By Mariela Alvarez Toro
- 1½ cup blanched almond flour
- ¼ tsp. sea salt
- ½ tsp. baking soda
- 1 tbsp. cinnamon
- 1 tsp. nutmeg
- ¼ tsp. cloves
- ½ cup pumpkin puree, fresh or canned
- 2 tablespoons raw local honey
- ¼ cup maple syrup
- 3 large eggs
- ⅓ cup chopped roasted hazelnuts
- 2 oz dark chocolate (more if desired)
- Preheat oven to 350 degrees Fahrenheit. Line a muffin pan with 9 muffin liners. Set aside.
- Place almond flour, sea salt, baking soda, and spices. Blend until well incorporated.
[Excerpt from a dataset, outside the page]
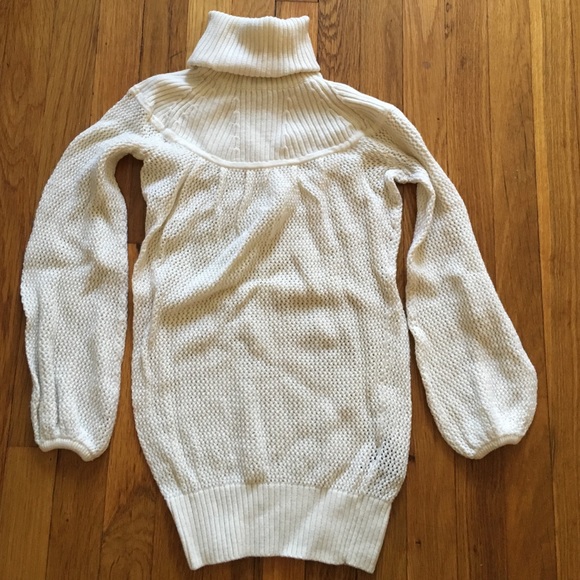 Club Monaco sweater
- Add pumpkin puree, honey, maple syrup, and eggs. Blend until well incorporated.
- Pour ¼ cup of the batter into each muffin liner. Evenly divide the chopped hazelnuts and chocolate over the muffins, if using.
- Bake for 25 minutes, or until fully cooked. Remove from oven and let cook for an hour before serving. Enjoy!